Выдержав минуту-другую первое впечатление от этой всепокоряющей толпы, я обратился к статуям, которые всего более меня привлекали. Кто станет отрицать, что Аполлон Бельведерский пропорциональностью своей гигантской фигуры, стройностью телосложения, свободным движением и победоносным взглядом прежде других одерживает победу над нашими чувствами? Затем я подошел к Лаокоону с сыновьями, которого здесь впервые увидел. По мере сил я постарался припомнить все противоречивые мнения о нем и сыскать собственную точку зрения, но меня все время отвлекало то одно, то другое. Я долго простоял перед умирающим гладиатором, но самые блаженные минуты пережил возле группы Кастора и Поллукса, этих бесценных, хотя и проблематических останков древних времен. Я еще не знал, что невозможно тотчас отдать себе отчет в том, что так радостно воспринял твой взор. Я принуждал себя размышлять и, пусть мне не удавалось прийти к какой-либо ясности, все же чувствовал, что каждый из этой великой толпы постижим, каждая деталь естественна и значительна.
Мое внимание в первую очередь приковалось к Лаокоону, и пресловутый вопрос, почему он не кричит, я решил для себя следующим образом: он и не может кричать. Действия и движения всех трех фигур уяснились мне из самой концепции группы.
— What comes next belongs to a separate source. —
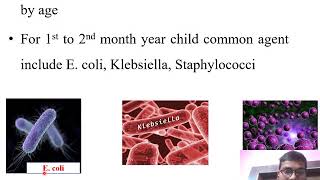 Pneumonia in children Lobarpneumonia Bronchopneumonia Interstitialpneumonia Viralpneumonia [upl. by Lelia]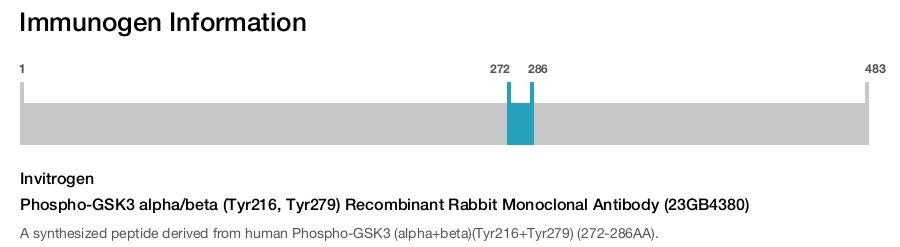 Phospho-GSK3 alpha/beta (Tyr216, Tyr279) Recombinant Rabbit Monoclonal Antibody (23GB4380)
Напряженно необычная и в то же время высоко правдивая поза центральной фигуры обусловлена двумя причинами: Лаокоон тщится сбросить с себя змей, но в это же самое мгновение его тело прянуло назад от нестерпимой боли укуса. Чтобы смягчить эту боль, он невольно втягивает низ живота, и крик становится невозможным. Далее я решил, что младшего сына еще не укусила змея, и чего только я еще не надумал, стараясь объяснить себе силу художественного воздействия прославленной группы. Все это я изложил в письме к Эзеру, но он не обратил особого внимания на мою трактовку и в своем ответе лишь в общих чертах поощрил мое рвение. Но я все равно в течение многих лет радостно сберегал эту мысль, покуда она не воссоединилась наконец со всем моим опытом и моими убеждениями; об этом я и высказался позднее в «Пропилеях».